* [Directions]: From the entries below, retype only the lines from the one with "Frosted Sugar Cookies" through the one with "Taboo Fashions Sugar", exactly as written.

BEGIN Provided records

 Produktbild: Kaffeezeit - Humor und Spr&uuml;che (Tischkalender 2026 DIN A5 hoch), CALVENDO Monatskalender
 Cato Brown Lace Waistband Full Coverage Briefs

END Provided records
BEGIN Provided records

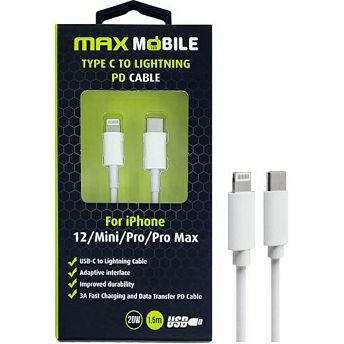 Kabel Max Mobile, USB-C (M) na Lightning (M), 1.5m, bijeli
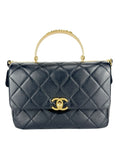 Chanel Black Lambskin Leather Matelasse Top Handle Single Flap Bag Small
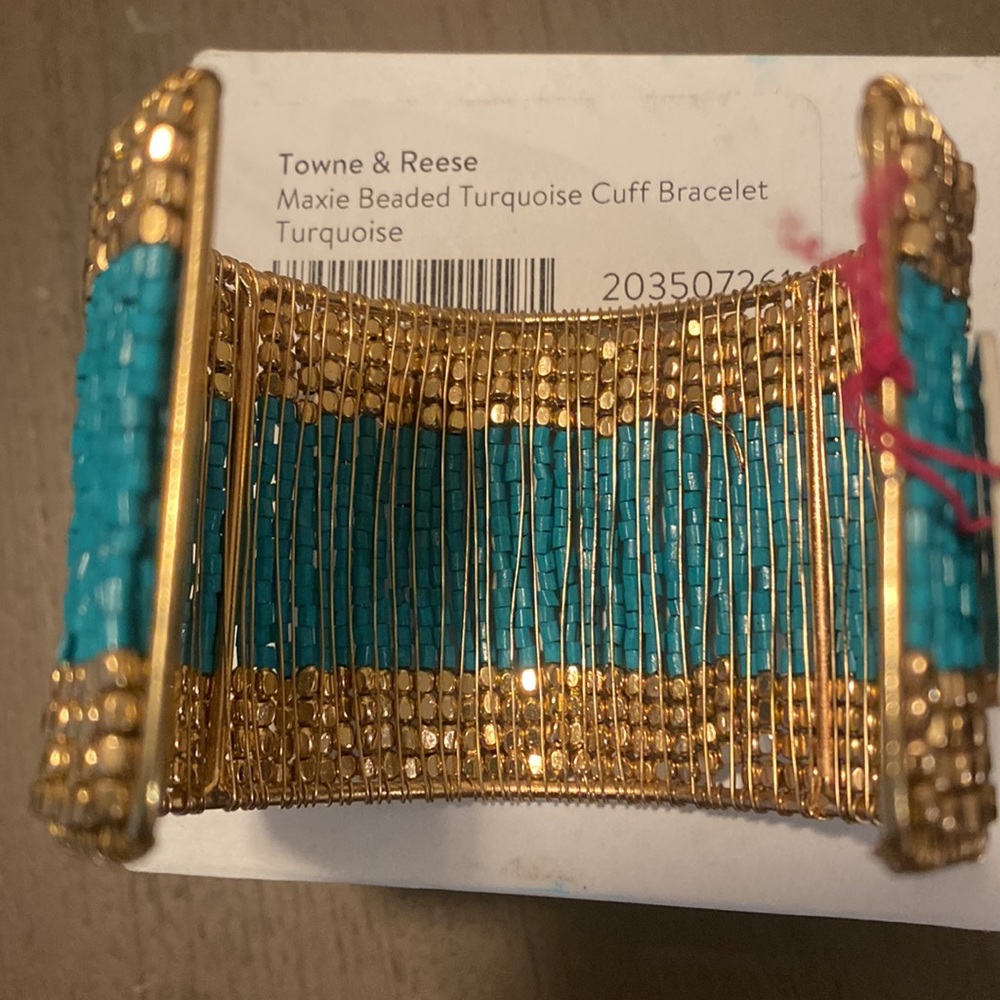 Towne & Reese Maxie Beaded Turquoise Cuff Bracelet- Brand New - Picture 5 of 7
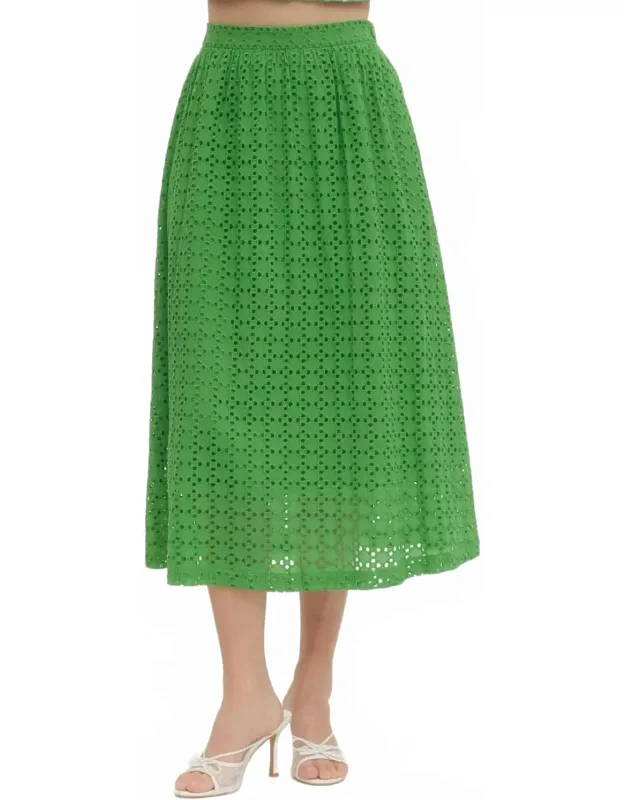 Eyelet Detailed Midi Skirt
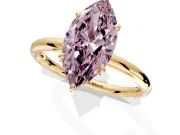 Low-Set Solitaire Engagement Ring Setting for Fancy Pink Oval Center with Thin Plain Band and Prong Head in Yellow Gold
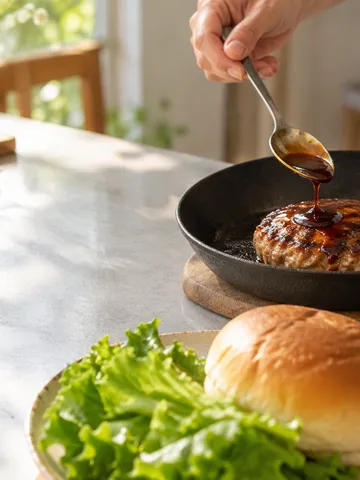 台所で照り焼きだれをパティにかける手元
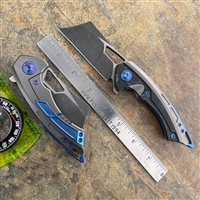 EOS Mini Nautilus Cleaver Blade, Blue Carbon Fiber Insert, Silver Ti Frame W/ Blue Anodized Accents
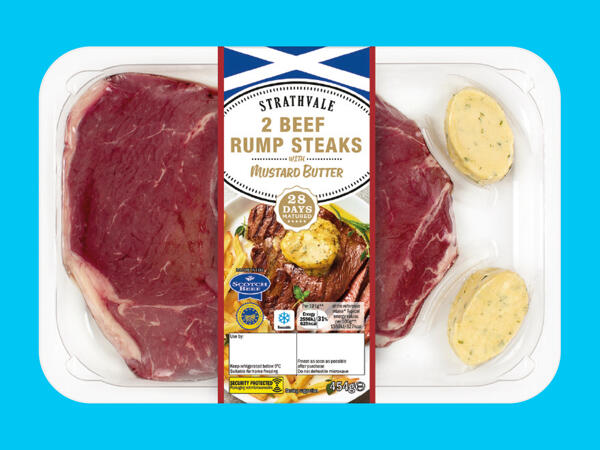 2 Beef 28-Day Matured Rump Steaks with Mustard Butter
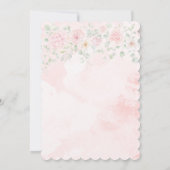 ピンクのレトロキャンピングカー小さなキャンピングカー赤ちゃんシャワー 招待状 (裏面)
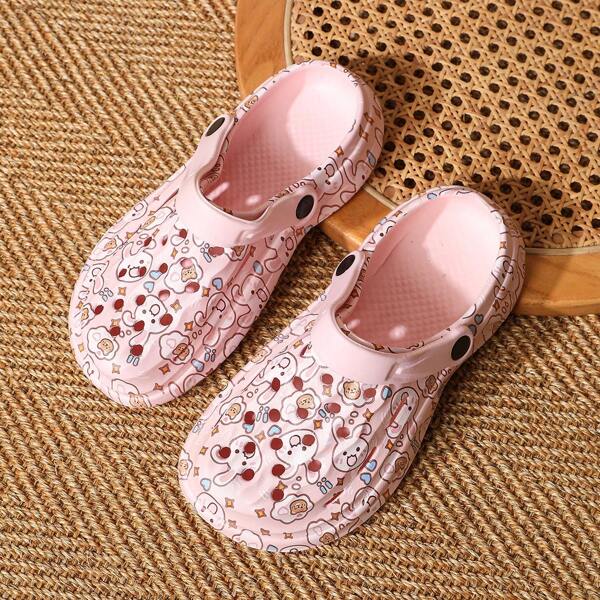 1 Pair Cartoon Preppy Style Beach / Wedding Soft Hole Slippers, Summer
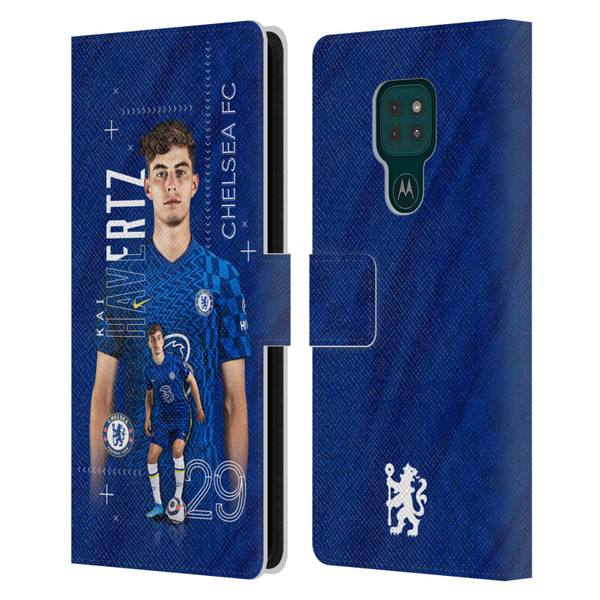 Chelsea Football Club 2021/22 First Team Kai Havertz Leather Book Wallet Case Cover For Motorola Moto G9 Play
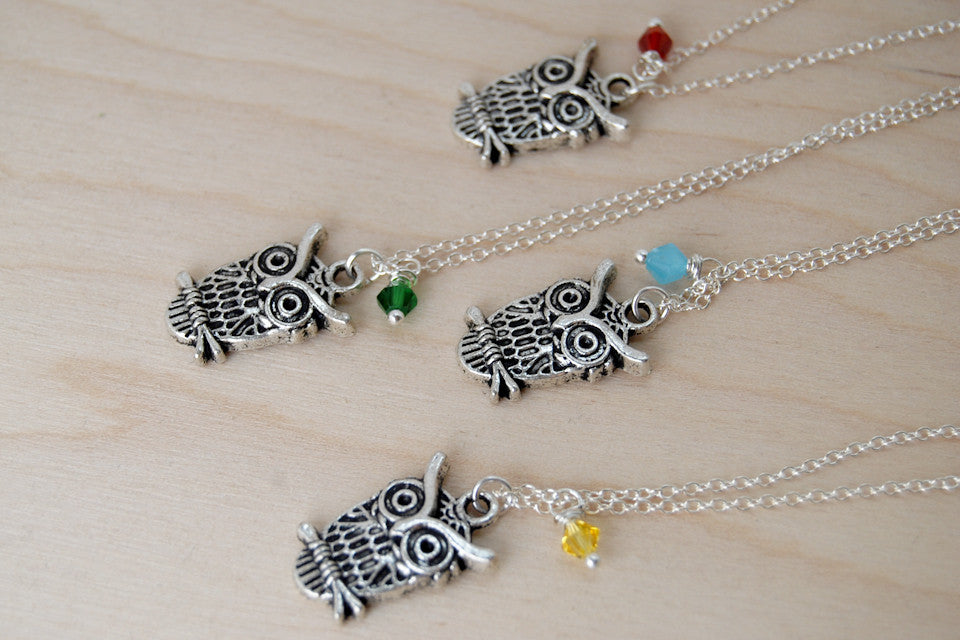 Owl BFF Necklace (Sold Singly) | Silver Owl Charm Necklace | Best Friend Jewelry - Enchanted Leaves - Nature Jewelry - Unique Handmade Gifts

END Provided records
BEGIN Provided records

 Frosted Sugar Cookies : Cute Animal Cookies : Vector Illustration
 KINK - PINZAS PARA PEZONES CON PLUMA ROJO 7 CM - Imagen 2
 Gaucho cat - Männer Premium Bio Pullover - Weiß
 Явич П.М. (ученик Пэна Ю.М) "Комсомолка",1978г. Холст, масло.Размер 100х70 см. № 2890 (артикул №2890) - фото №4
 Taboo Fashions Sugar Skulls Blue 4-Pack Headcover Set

END Provided records

* [Answer section]:
 Frosted Sugar Cookies : Cute Animal Cookies : Vector Illustration
 KINK - PINZAS PARA PEZONES CON PLUMA ROJO 7 CM - Imagen 2
 Gaucho cat - Männer Premium Bio Pullover - Weiß
 Явич П.М. (ученик Пэна Ю.М) "Комсомолка",1978г. Холст, масло.Размер 100х70 см. № 2890 (артикул №2890) - фото №4
 Taboo Fashions Sugar Skulls Blue 4-Pack Headcover Set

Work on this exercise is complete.